The number of purchase occasions is another big difference between the FMCG category and banking. You have to buy soap every month, so you have 12 purchase occasions in a year. Whereas, buying into a bank does not happen as often, and you don't change your bank account very easily.

Because consumers don’t change accounts like they do with soaps, it is also very difficult to make someone switch from their existing bank to your bank. 

How do you use AI to inform your marketing strategy these days?

 AI is essentially used in removing repetitive tasks, automating them, and reducing costs. But for me, the real use of AI lies in analysing data and predicting consumer behaviour. Based on predictions, we could create the right product propositions for the consumer, resulting in high business. 

We are building a very strong data stack and bucketing the organisation into the calculators and the consumers of data. The compute part of the organisation consists of data scientists who look at data and identify trends, and are able to build the right algorithms. The compute team can assist the credit card team in decision-making, such as should an application be approved or pre-emptively identify a user that might go delinquent. 

What’s your philosophy towards using technology to improve user experience online, given a decline in customer visits to physical branches these days? 

On one end, banks are increasing their physical footprint and establishing new branches. At the same time, we know that customers are reducing their frequency of visits to branches. So, we make sure we aid the consumer on both fronts.  

When it comes to digital, we look at how we can eliminate the need for the customer to come to the branch. We try to reduce the number of steps needed to complete a task. We identify the pain points of the consumer and remove those pain points in that journey so that the journey is faster, easier and more intuitive. 

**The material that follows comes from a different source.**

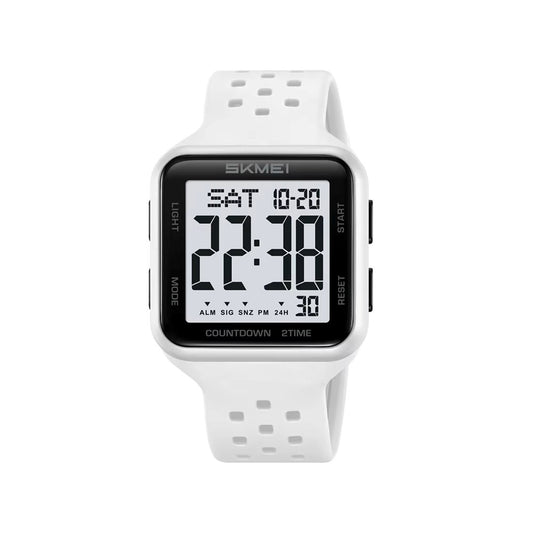 SKMEI 2440 New Digital Silicone Strap Waterproof Men's Watch-White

Do you feel there is a large skew in spending to achieve short-term goals over the long-term?

You have to do both. Performance marketing is like water in the ocean. When you start performance marketing, it is not too expensive, because there is a lot of water in the ocean, and you can keep drawing water from the ocean. But if you do not do something to refill the water in the ocean and only draw water, after some time, there will be less water available, and therefore, the cost of getting the water will be very high. 


So the goal at the top of the funnel is to create awareness; the person may not buy your product but he knows you. And when they receive a bottom-of-the-funnel message, they are more likely to trust you. At Kotak, we spend 40% of our budget on TV and the other 60% on digital. 

Is C-TV a marquee event medium for you or do you advertise on it all year long, given that the number of households is just around 20-25 million?

Connected TV is just another channel. It is the same question people asked when digital was first introduced. I approach C-TV similarly to how I approach digital. There are some consumers who are watching content on C-TV, and we want to serve ads to them while they are on that particular channel. 

Most C-TV users are affluent consumers. If I have an 811 proposition (Kotak's 811 zero balance digital bank account) that is directed towards the core Indian consumer, I will not put it on C-TV. However if I have a more affluent proposition and the consumer is on C-TV, I will serve that consumer with that particular proposition on the medium.

 It is not about whether we have 20 million or 100 million customers on a particular medium; it is about whether we have a good understanding of who that customer is. And what is the right messaging to give to that customer on that particular channel. 

C-TV is growing quickly. I think it's more affluent users at this stage; we have to start small, and as that segment grows, we will keep investing in it.